Dolphins pursuing fish during a sardine run

“As far as we can tell, the west coast sardines associate with upwelling regions, and they do not find many of those on the south coast. So they will likely keep moving until suitable habitat is found,” Teske continues. The Atlantic fish simply need cooler water, and they’ll follow it in the direction they find it, including those temporary pockets of upwelling. Eventually, he says, “some of these have migrated so far east that they eventually become attracted by upwelling . . . on the southeast coast.” 

In the paper, the team says their genetic evidence suggests that the fish are therefore driven into a trap. That is, the behavior that drives them to seek cool water tricks them into swimming up the eastern coast into stressful warmer water instead. That’s to say nothing of the dangers: hungry sharks, dolphins, seabirds, and more waiting for a tasty treat.

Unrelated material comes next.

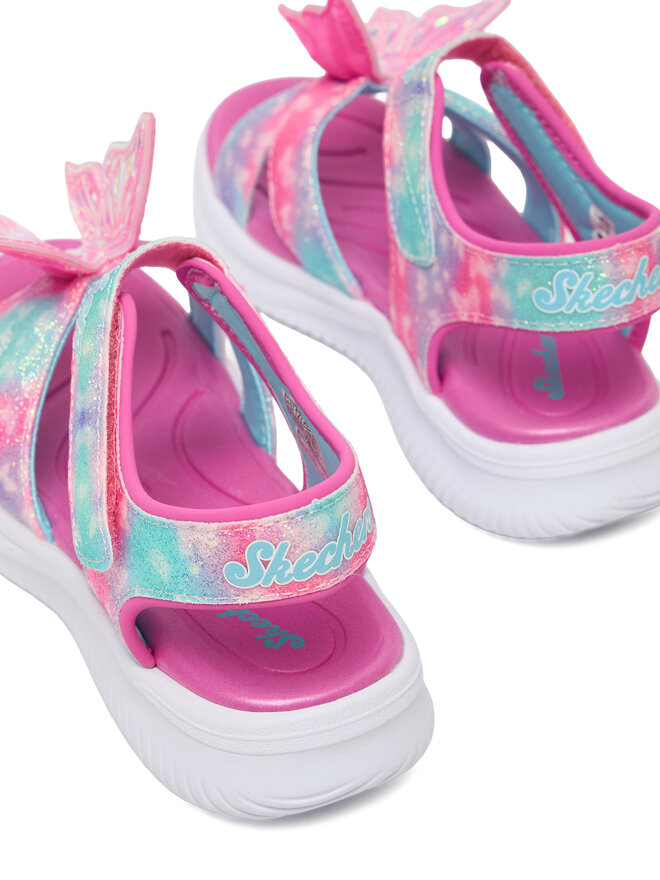 Skechers Sandalen Skechers Jumpsters Sandal - Butterfly Brites 303109L/PKMT Rosa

Ecologist William Sydeman, president of the Farallon Institute for Advanced Ecosystem Research in Petaluma, California, who was not involved in the present research, says he’d like to see more research before he’s convinced this is a true ecological trap. Upwelling leads to plankton blooms, creating a lot of food for the sardines, he notes. So “I think [the fish are] doing it for a reason,” and more evidence is needed to show the full effect of the migration on fish that make the trip. It’s possible, he says, that “they migrate there in order to take advantage of temporarily productive ocean conditions at the western cape,” so if the area doesn’t suit them, he asks, “Why don’t they just do the reverse? Why don’t they move back?” (Teske speculates that one reason there’s no mass migration in the opposite direction of the run could be hungry predators following the sardines from the southeast, cutting off the return path.)

Likewise, Catherine Macdonald, a marine biologist at the University of Miami who was not involved with the research, suggests in an email that it’s worth considering whether the behavior is “possibly no-longer-adaptive” rather than something that was never adaptive in the first place. “As we continue to see the effects of global climate change intensify, I think we can expect to see many previously adaptive migratory patterns altered.” Previous hypotheses have posited, for example, the sardine run is a relic from the last glacial period, when the Indian Ocean would have been a more hospitable spawning ground for the sardines.

Research like this ultimately helps to manage fisheries. “We don’t want to manage two groups of fish that largely reproduce separately as though they were one group of fish that all reproduce together,” says Macdonald. The Atlantic sardine fishery in the region has already collapsed. By showing that west and south populations of sardines are distinct, Teske says, “we can not only explain this collapse, but also convince fishery management that if they overfish this region, the local sardine population will not simply get replenished from the south coast.”

In other words, we’ll be better able to protect the stars of the greatest shoal on earth.